Get the Row Count from an Outer Table Join

Posted October 22, 2019 by James Knicely, Vertica Field Chief Technologist

Construction site crane building a blue SQL 3D text.

Aggregate functions summarize data over groups of rows from a query result set.

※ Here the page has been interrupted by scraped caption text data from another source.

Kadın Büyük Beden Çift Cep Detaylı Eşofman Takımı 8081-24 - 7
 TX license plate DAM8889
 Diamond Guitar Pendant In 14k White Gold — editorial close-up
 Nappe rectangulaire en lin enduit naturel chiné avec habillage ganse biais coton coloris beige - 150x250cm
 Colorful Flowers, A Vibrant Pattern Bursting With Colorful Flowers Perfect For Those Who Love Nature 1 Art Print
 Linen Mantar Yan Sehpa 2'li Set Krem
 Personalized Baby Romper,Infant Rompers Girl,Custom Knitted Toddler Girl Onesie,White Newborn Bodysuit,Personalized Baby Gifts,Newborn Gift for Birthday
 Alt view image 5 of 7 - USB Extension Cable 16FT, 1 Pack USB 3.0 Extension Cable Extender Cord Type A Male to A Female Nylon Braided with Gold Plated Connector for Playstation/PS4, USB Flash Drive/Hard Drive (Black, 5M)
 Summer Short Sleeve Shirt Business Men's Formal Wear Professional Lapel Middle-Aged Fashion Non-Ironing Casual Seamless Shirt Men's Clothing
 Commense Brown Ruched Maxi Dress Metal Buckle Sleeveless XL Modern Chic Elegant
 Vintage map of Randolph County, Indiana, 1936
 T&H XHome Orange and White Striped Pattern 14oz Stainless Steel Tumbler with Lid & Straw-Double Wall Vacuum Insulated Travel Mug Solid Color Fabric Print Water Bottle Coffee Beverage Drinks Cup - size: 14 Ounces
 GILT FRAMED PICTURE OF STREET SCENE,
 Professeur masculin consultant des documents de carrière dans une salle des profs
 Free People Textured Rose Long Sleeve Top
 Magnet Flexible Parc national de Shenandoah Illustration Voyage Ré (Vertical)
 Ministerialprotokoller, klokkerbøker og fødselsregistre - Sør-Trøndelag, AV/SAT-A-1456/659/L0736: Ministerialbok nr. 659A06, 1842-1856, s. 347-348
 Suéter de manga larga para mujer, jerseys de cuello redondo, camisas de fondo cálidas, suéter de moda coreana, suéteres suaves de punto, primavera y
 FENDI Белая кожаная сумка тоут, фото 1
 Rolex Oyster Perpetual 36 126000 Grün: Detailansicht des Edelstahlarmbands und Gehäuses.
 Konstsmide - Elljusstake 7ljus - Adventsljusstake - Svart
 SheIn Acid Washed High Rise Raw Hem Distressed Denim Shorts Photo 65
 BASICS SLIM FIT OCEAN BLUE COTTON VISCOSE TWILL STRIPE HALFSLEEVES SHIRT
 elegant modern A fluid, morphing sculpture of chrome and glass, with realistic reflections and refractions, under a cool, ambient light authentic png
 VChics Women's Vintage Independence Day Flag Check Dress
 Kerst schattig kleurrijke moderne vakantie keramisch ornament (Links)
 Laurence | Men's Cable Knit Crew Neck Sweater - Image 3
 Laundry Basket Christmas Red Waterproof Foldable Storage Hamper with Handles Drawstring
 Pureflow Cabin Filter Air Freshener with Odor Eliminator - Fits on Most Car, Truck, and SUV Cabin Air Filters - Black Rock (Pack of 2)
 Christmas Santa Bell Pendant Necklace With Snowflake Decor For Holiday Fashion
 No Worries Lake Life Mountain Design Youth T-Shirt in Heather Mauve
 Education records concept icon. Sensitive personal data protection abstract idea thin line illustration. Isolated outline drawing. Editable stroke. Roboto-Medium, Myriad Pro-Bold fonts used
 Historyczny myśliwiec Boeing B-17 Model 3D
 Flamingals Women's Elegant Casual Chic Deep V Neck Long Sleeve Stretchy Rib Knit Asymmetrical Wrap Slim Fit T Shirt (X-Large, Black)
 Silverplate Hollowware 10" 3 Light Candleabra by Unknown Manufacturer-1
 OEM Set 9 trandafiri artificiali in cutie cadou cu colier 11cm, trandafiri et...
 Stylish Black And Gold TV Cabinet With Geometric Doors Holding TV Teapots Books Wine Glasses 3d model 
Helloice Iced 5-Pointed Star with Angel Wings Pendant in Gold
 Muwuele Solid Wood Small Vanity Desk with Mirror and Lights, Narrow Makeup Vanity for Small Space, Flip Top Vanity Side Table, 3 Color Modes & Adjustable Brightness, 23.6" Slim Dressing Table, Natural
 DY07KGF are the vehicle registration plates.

When using an aggregate function like COUNT with an “*” or “1” parameter value, you may get a different result when the query implements a LEFT join verses an INNER join.

Example:

dbadmin=> SELECT * FROM t1 ORDER BY 1;
 c
---
 1
 2
 4
(3 rows)

dbadmin=> SELECT * FROM t2 ORDER BY 1;
 c
---
 1
 2
(2 rows)

dbadmin=> SELECT COUNT(*)
dbadmin->   INNER FROM t1
dbadmin->   JOIN t2 ON t1.c = t2.c;
 COUNT
-------
     2
(1 row)

dbadmin=> SELECT COUNT(*)
dbadmin->   FROM t1
dbadmin->   LEFT JOIN t2 ON t1.c = t2.c;
 COUNT
-------
     3
(1 row)

If you want a row count of just the rows from the left outer table that join to the inner table, you have to specify a column name from the left outer table in the COUNT function.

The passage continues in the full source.